| REQUIREMENT |
Look below for the line containing "[27-11-22] billyco3002 record", then write out that line and every line after it to the end, exactly, minus the pictures.

| DATASET CONTENT |
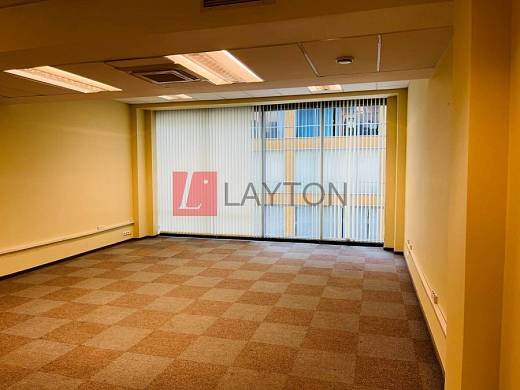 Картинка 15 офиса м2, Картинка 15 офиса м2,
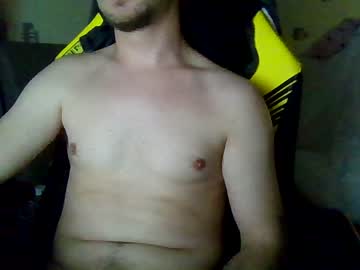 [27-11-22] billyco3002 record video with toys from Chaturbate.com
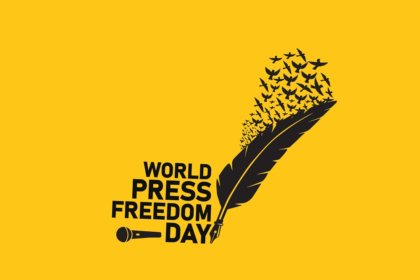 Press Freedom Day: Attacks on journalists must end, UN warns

| OUTPUT FOR THIS EXERCISE |
 [27-11-22] billyco3002 record video with toys from Chaturbate.com
 Press Freedom Day: Attacks on journalists must end, UN warns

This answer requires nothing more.